Contents: Introduction, Paul Carr; Zappa and horror: screamin’ at the monster, Richard J. Hand; Zappa and his cultural legacy: authorship, influences and expressive features in Frank Zappa’s movies, Manuel de la Fuente; Zappa and religion: music is the best, Kevin Seal; Zappa and the razor: editing, sampling and musique concrète, James Gardner; Zappa and satire: from conceptual absurdism to the perversity of politics, Nick Awde; Zappa and resistance: the pleasure principle, Claude Chastagner; Zappa and the story-song: a rage of cultural influences, Geoffrey I. Wills; Zappa and technology: his incorporation of time, space and place in performing, composing and arranging music, Paul Carr; Zappa and the freaks: recording Wild Man Fischer, David Sanjek; Zappa and modernism: an extended study of 'Brown Shoes Don’t Make It', Martin Knakkergaard; Zappa and the avant-garde: artifice/absorption/expression, Michel Delville; Zappa and mortality: the mediation of Zappa’s death, Paula Hearsum; Bibliography; Index.

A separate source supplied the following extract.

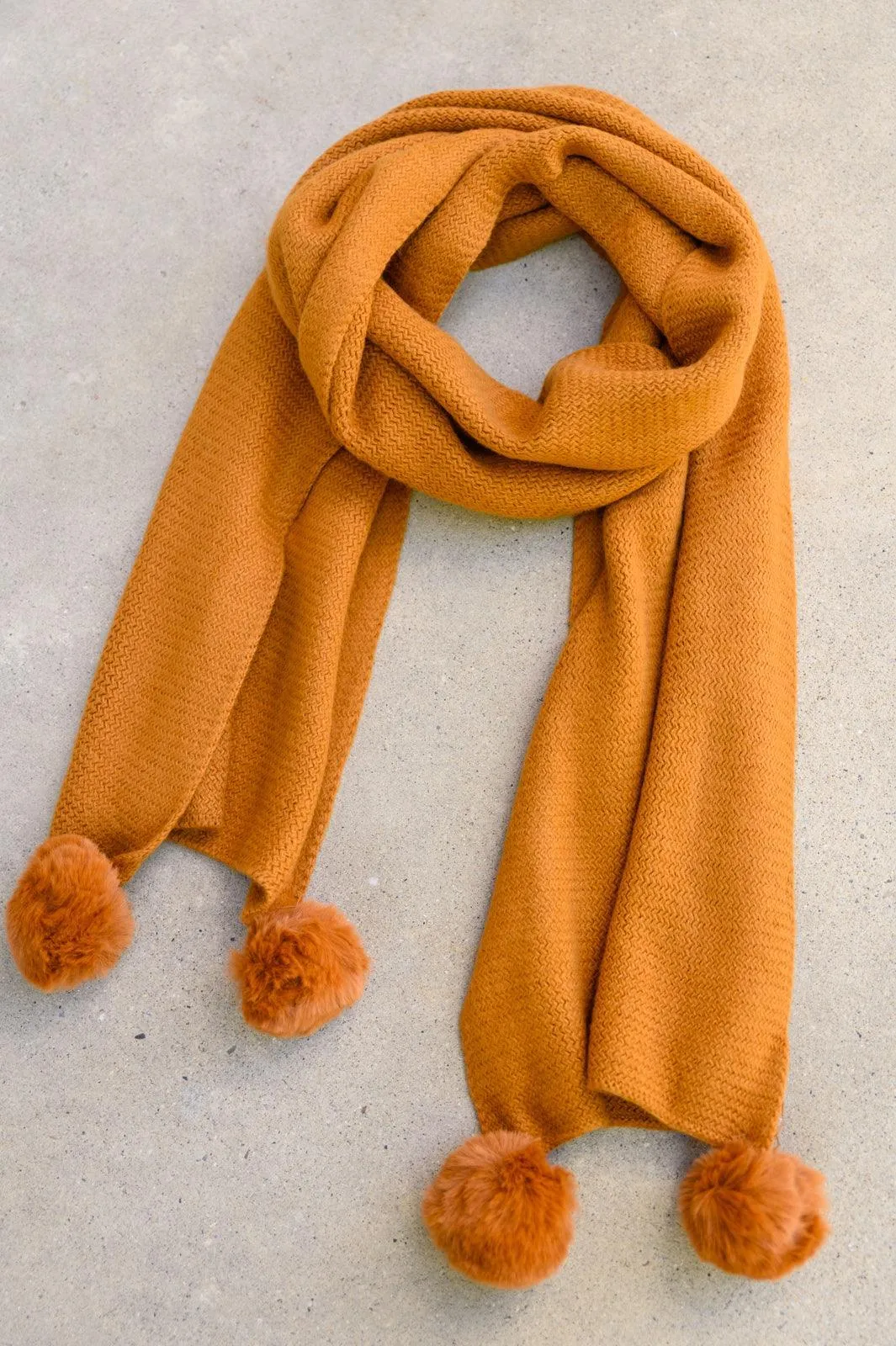 Hazel Blues® | Knitted Fuzzy Pom Pom Scarf In Ginger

About the Editor: Paul Carr is Head of the Division of Music and Sound and Reader in Popular Music Analysis at the ATRiuM, University of Glamorgan, in Cardiff. His research interests focus on the areas of musicology, widening access, the music industry and pedagogical frameworks for music related education - publishing in all of these areas. Publications include ‘An analysis of post 1970’s electric guitarists who have fused the jazz aesthetic with other music forms’ (Book chapter in De-Canonizing Music History, 2009), ‘Researching the Development of a Foundation Degree in Musical Instrument Retail Management: A Case Study Partnership between Glamorgan University and Roland UK’ (Journal of Applied Research in Higher Education, 2010) and ‘An Autocratic Approach to Music Copyright?: The potential negative impacts of restrictive rights on a composer's legacy: The case of the Zappa Family Trust’ (Contemporary Theatre Review, 2011). He is also an experienced performing musician, having toured and recorded with artists as diverse as The James Taylor Quartet and former Miles Davis saxophonist Bob Berg.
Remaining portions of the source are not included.